◆ Required action ◆
The listing below should be printed exactly, though its pictures must not be.

◆ Data extract ◆
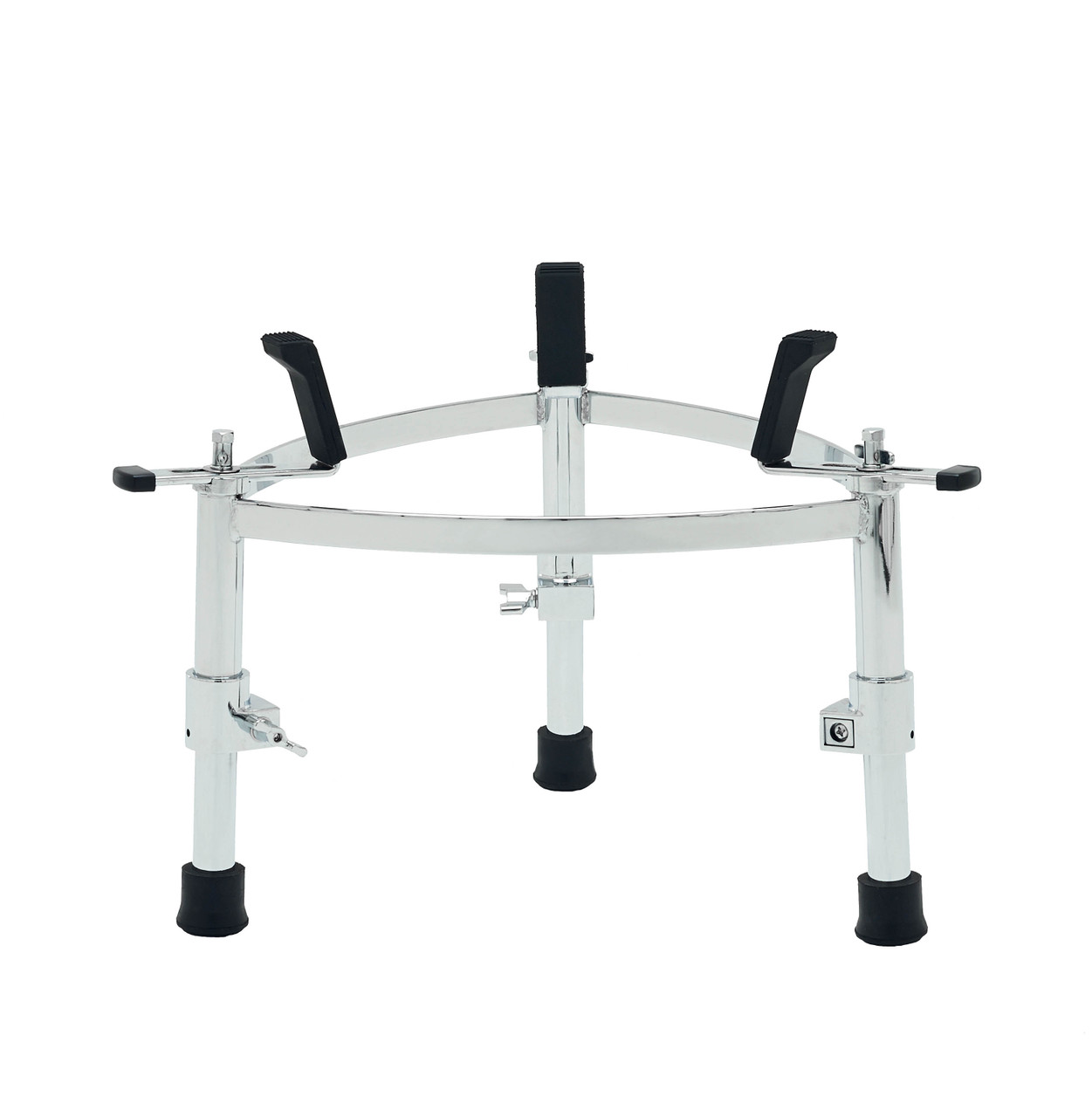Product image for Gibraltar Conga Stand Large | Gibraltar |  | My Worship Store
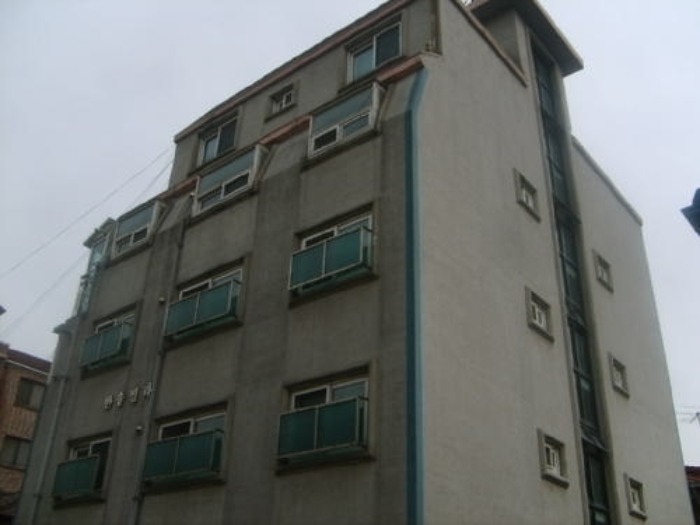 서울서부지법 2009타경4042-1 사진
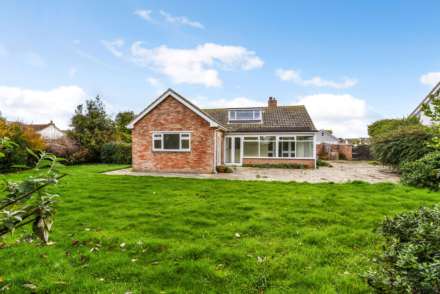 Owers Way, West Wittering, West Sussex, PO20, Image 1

◆ The completed task ◆
Product image for Gibraltar Conga Stand Large | Gibraltar |  | My Worship Store
 서울서부지법 2009타경4042-1 사진
 Owers Way, West Wittering, West Sussex, PO20, Image 1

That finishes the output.